Even the Great Liberator, Abraham Lincoln, made racist statements that would knock him out of polite company today and off CNN permanently. Lincoln also said things of real beauty about the equality of humankind and the dignity of slaves and their right to freedom.

Had Lincoln just said racist things, had Washington and Jefferson just been slave-owners, they would not be condemned today – because we can’t post-date their behavior – but neither would they be praised.

They are remembered for the great and good things they did. We praise historical figures when they exceed the understanding of their time, but recognize their human limitations when they fall to the prejudices or cruelty of their day. It’s an important asterisk over the historical record, which helps us distantly see our own limitations.

The problem in dealing with Cornwallis is that there is no offsetting greatness to give reason to celebrate him. I was able to find nothing on the whole World Wide Web about Cornwallis other than a brief description on the Halifax Regional Municipality website. The on-line catalogue of all Nova Scotia universities produced not one book dedicated to Cornwallis.

He appears to have been a run of the mill British officer who got the unpleasant task of setting up a new community of ruffians and scoundrels brought over from England to a harsh, forbidding and isolated place.

There appears little distinguished about the way Cornwallis handled the task, except maybe some unnecessary cruelty, even by the standards of his day. Cornwallis’ successor, Peregrine Thomas Hobson, seems to have changed the attitude of new colony towards Mi’kmaq and to have treated them with greater honesty and openness. Cornwallis resigned in 1752, just three years after founding Halifax, and in the same year Hobson negotiated a new treaty with the Mi’kmaq though this did not entirely end hostilities.

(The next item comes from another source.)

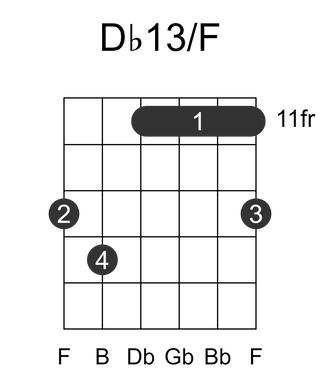 Db13/F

That does not mean we write Cornwallis out of history. An actor representing him should be present at any historical re-enactment, not to celebrate Cornwallis but to be true to history and, more important, as a reminder of history’s lessons. A review of the past does not need to be mere celebration.

Annapolis Royal Mayor Phil Roberts, who spoke at the ceremony, got things right. He called on people to remember “ethnic cleansing” against both the Mi’kmaq and, a little later, the Acadians. Then he described the thoughtful way we should approach such anniversaries. “For many Nova Scotians, it’s not a time for celebration but sober reflection.”